Wednesday, August 25, 2004

Threads impair performance

Well I'm back after a vacation and chasing kids around. So my next entry is on how threads impair performance.

The basic reason that threads impair program performance is that each thread you spawn is competing for limited resources such as CPU time, or memory, or I/O bandwidth. When you spawn a thread you are competing with yourself. The more threads, the less resources for each.

That observation doesn't sound very convincing since modern operating systems are designed to share resources in a fair manner. The difference with thread is that they consume CPU timeslices. One of the jobs of an operating system is to split the CPU between all processes that are running on the system. Rather complex algorithms have been developed to insure fairness in a wide variety of situations.

When you spawn a second thread your application has potentially twice the number of CPU needs, however it will not get twice the number of time slices. All you have accomplished is limiting the number of CPU time each of your threads get. Each successive thread just digs you into a deeper hole.

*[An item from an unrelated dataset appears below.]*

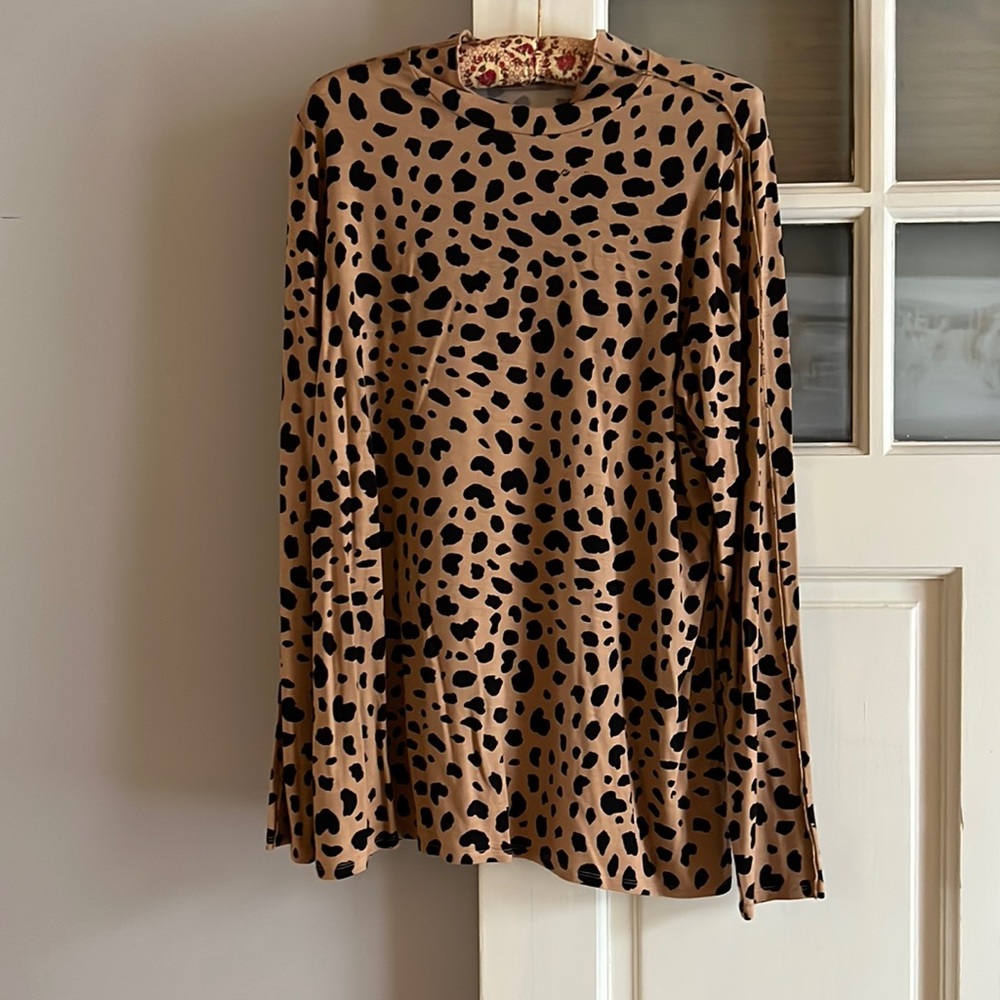 Laurie Felt pullover mock neck top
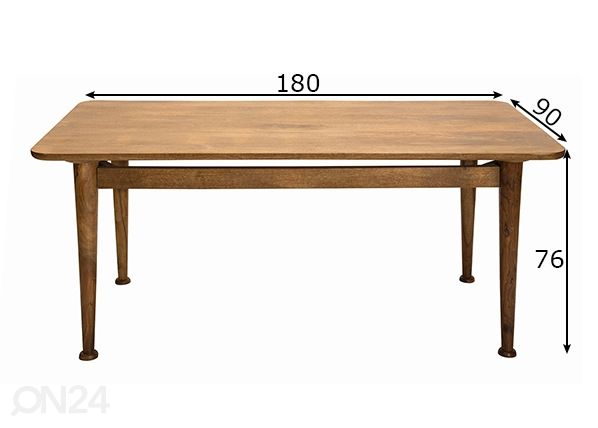 Söögilaud Tom Tailor 180x90 cm mõõdud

But what about multiple-CPU machines? Sorry no dice. The operating system controls access to the CPUs. There is no way to guarantee that your threads will be efficiently scheduled to take advantage of the processors. Some operating systems allow processor affinity to be specified for threads. However at best this is only a hint.

A secondary effect is the impact multiple threads have on CPU cache coherency. Each thread has its own program pointer and stack pointer. When a thread is scheduled these pointers must be restablished, which takes time. When the new thread runs it establishes a new pattern of memory access in the CPU cache which churns the one from your other thread. Cache misses are expensive.

Up until now I've made the implicit presumption that threads your threads are running free and competeing with each other. Obviously this is the worst case scenario. Let's consider a more benign situation. We have two threads one of which is performing computation and the other which is waiting on a relatively long I/O call. The computing threads job is to perform operations on the results returned by the I/O thread.

All is good right? Your application is maximizing the use of computing resources. This should be very efficient. It is not! To see why consider the following cases:

Case 1: Computing thread wakes when I/O thread has posted new results. In this case there is no overlap between the threads, so they are not in contention for the same resources. However nothing has been gained. First there is the thread context switch overhead that is now incurred. Second on a modern computer calculations take a diminishingly short amount of time compared to I/O. All you have done in this case was gain a couple of microseconds of overlap with the I/O. Overall your application will not run any faster than the I/Os that it needs to perform. If this application were to perform a great deal of computation per I/O, ane execute billions of I/O you might gain an overall benefit. More likely than not these benefits will be swamped by context switching and lock overhead.

Case 2: The computation thread is still active when the I/O thread wakes up. You are so dead. You now have two threads that fighting for CPU time. Your performance will suffer greatly.

There is a great discussion of avoiding thread optimizations here. Don't just take my word for it.